Return all rays (real and virtual).

OUTPUT: Tuple of rays of the fan.

EXAMPLES:

sage: from sage.schemes.toric.points import NaiveFinitePointEnumerator
sage: fan = toric_varieties.torus(2).fan()
sage: fan.rays()
Empty collection
in 2-d lattice N
sage: n = NaiveFinitePointEnumerator(fan, GF(3))                            # optional - sage.rings.finite_rings
sage: n.rays()                                                              # optional - sage.rings.finite_rings
N(1, 0),
N(0, 1)
in 2-d lattice N

rescalings()#

Return the rescalings of homogeneous coordinates.

OUTPUT:

A tuple containing all points that are equivalent to $$[1:1:\dots:1]$$, the distinguished point of the big torus orbit.

EXAMPLES:

sage: P2_123 = toric_varieties.P2_123(base_ring=GF(5))                      # optional - sage.rings.finite_rings
sage: ni = P2_123.point_set()._naive_enumerator()                           # optional - sage.rings.finite_rings
sage: ni.rescalings()                                                       # optional - sage.rings.finite_rings
((1, 1, 1), (1, 4, 4), (4, 2, 3), (4, 3, 2))

sage: dP8 = toric_varieties.dP8(base_ring=GF(3))                            # optional - sage.rings.finite_rings
sage: ni = dP8.point_set()._naive_enumerator()                              # optional - sage.rings.finite_rings
sage: ni.rescalings()                                                       # optional - sage.rings.finite_rings
((1, 1, 1, 1), (1, 2, 2, 2), (2, 1, 2, 1), (2, 2, 1, 2))
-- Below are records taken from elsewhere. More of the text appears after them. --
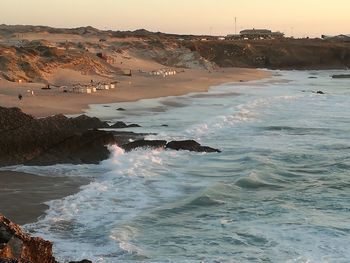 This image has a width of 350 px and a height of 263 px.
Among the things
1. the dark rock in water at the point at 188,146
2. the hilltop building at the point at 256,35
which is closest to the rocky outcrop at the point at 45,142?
the dark rock in water at the point at 188,146

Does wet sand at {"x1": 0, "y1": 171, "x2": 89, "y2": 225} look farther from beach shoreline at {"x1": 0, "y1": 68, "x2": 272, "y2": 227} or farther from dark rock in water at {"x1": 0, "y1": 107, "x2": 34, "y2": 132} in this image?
dark rock in water at {"x1": 0, "y1": 107, "x2": 34, "y2": 132}

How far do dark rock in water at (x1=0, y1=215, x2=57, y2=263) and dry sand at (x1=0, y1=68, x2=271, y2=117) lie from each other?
1558 centimetres

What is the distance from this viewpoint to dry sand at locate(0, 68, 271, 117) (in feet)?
81.3

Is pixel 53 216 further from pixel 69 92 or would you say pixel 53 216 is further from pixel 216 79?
pixel 216 79

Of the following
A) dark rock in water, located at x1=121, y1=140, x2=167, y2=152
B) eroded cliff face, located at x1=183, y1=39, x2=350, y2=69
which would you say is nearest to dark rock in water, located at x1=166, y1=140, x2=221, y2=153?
dark rock in water, located at x1=121, y1=140, x2=167, y2=152

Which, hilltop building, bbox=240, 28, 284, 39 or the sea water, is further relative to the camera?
hilltop building, bbox=240, 28, 284, 39

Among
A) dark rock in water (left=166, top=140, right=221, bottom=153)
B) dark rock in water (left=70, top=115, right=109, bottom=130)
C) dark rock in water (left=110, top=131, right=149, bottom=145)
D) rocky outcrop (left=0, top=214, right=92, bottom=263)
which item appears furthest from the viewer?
dark rock in water (left=70, top=115, right=109, bottom=130)

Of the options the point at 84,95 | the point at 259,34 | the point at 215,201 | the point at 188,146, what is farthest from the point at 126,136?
the point at 259,34

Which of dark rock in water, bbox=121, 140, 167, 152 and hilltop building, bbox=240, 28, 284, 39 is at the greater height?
hilltop building, bbox=240, 28, 284, 39

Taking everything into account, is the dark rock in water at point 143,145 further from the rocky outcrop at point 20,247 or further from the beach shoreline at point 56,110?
the rocky outcrop at point 20,247

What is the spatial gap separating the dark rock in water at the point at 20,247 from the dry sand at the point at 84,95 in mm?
15583

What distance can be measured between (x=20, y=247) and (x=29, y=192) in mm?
6078

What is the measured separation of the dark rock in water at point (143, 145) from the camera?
17077 millimetres

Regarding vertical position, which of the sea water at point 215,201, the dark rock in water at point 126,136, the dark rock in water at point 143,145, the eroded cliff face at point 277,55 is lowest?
the sea water at point 215,201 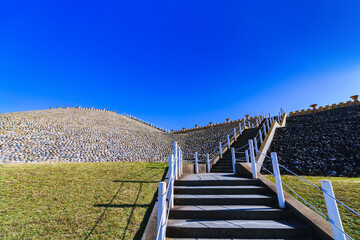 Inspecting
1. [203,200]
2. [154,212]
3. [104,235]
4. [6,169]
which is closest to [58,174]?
[6,169]

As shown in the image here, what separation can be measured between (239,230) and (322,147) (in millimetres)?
10115

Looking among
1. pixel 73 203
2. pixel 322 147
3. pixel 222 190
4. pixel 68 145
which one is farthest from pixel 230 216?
pixel 68 145

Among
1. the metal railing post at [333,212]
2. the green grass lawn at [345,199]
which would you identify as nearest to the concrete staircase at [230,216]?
the metal railing post at [333,212]

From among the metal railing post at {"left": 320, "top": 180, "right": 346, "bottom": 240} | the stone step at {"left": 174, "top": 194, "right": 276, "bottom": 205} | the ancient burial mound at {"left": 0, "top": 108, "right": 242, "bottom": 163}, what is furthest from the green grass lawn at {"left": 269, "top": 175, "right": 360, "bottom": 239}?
the ancient burial mound at {"left": 0, "top": 108, "right": 242, "bottom": 163}

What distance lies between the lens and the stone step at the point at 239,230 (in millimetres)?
3025

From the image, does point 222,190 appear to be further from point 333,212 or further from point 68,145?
point 68,145

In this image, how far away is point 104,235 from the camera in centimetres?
338

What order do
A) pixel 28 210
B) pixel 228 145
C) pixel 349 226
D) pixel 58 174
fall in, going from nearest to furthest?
pixel 349 226
pixel 28 210
pixel 58 174
pixel 228 145

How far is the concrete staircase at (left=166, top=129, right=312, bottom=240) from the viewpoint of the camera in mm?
3068

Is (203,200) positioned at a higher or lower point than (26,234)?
higher

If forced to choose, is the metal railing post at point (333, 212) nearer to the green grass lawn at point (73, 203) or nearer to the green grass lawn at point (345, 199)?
the green grass lawn at point (345, 199)

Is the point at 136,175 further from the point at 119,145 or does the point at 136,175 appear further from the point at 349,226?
the point at 119,145

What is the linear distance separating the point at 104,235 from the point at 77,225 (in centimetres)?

sage: P1xP1 = toric_varieties.P1xP1(base_ring=GF(3))                        # optional - sage.rings.finite_rings
sage: ni = P1xP1.point_set()._naive_enumerator()                            # optional - sage.rings.finite_rings
sage: ni.rescalings()                                                       # optional - sage.rings.finite_rings
((1, 1, 1, 1), (1, 1, 2, 2), (2, 2, 1, 1), (2, 2, 2, 2))

roots(n)#

Return the n-th roots in the base field

INPUT:

• n integer.

OUTPUT:

Tuple containing all n-th roots (not only the primitive ones). In particular, 1 is included.

EXAMPLES:

sage: P2 = toric_varieties.P2(base_ring=GF(5))                              # optional - sage.rings.finite_rings
sage: ne = P2.point_set()._naive_enumerator()                               # optional - sage.rings.finite_rings
sage: ne.roots(2)                                                           # optional - sage.rings.finite_rings
(1, 4)
sage: ne.roots(3)                                                           # optional - sage.rings.finite_rings
(1,)
sage: ne.roots(4)                                                           # optional - sage.rings.finite_rings
(1, 2, 3, 4)

units()#

Return the units in the base field.

EXAMPLES:

sage: P2 = toric_varieties.P2(base_ring=GF(5))                              # optional - sage.rings.finite_rings
sage: ne = P2.point_set()._naive_enumerator()                               # optional - sage.rings.finite_rings
sage: ne.units()                                                            # optional - sage.rings.finite_rings
(1, 2, 3, 4)

class sage.schemes.toric.points.NaiveSubschemePointEnumerator(polynomials, ambient)#

Bases: object

Point enumerator for algebraic subschemes of toric varieties.

INPUT:

• polynomials – list/tuple/iterable of polynomials. The defining polynomials.

• ambient – enumerator for ambient space points.